> [Your goal]: In the listing beneath this line, copy exactly the lines starting with the one containing "698 South Racetrack" and going on through the one containing "910 Neff Road - Photo 1".

> [The input]:
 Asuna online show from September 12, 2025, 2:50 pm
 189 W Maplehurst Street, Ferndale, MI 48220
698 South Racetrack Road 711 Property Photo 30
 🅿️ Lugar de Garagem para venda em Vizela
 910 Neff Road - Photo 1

==

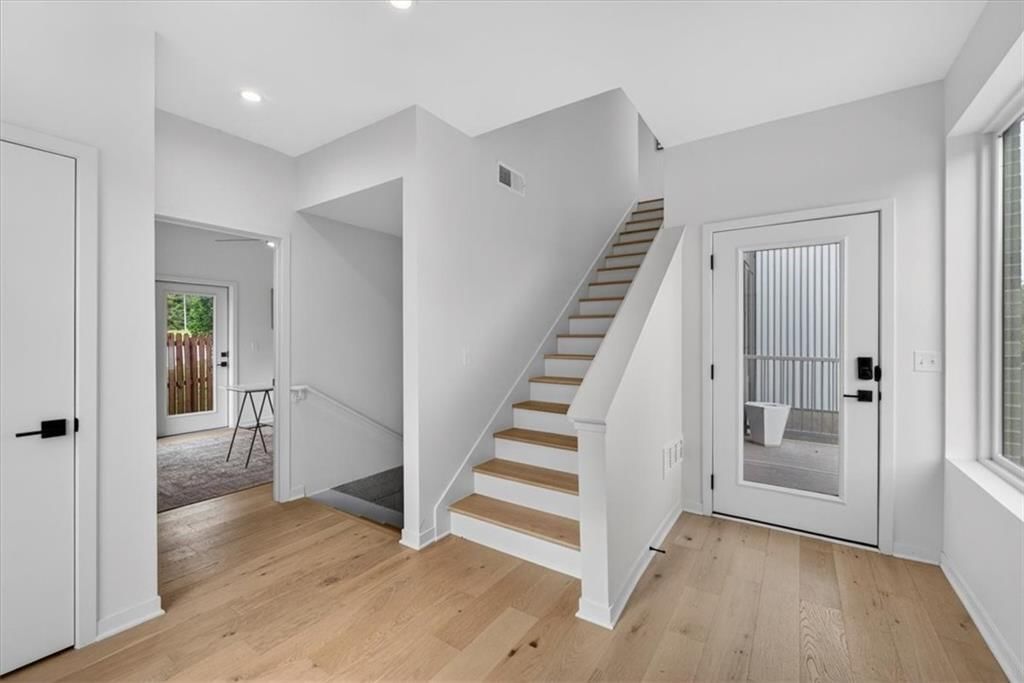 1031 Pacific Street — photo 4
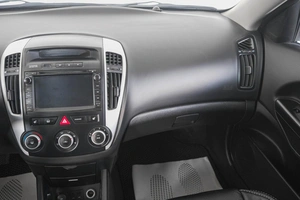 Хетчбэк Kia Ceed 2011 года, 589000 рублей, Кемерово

> [Written answer]:
698 South Racetrack Road 711 Property Photo 30
 🅿️ Lugar de Garagem para venda em Vizela
 910 Neff Road - Photo 1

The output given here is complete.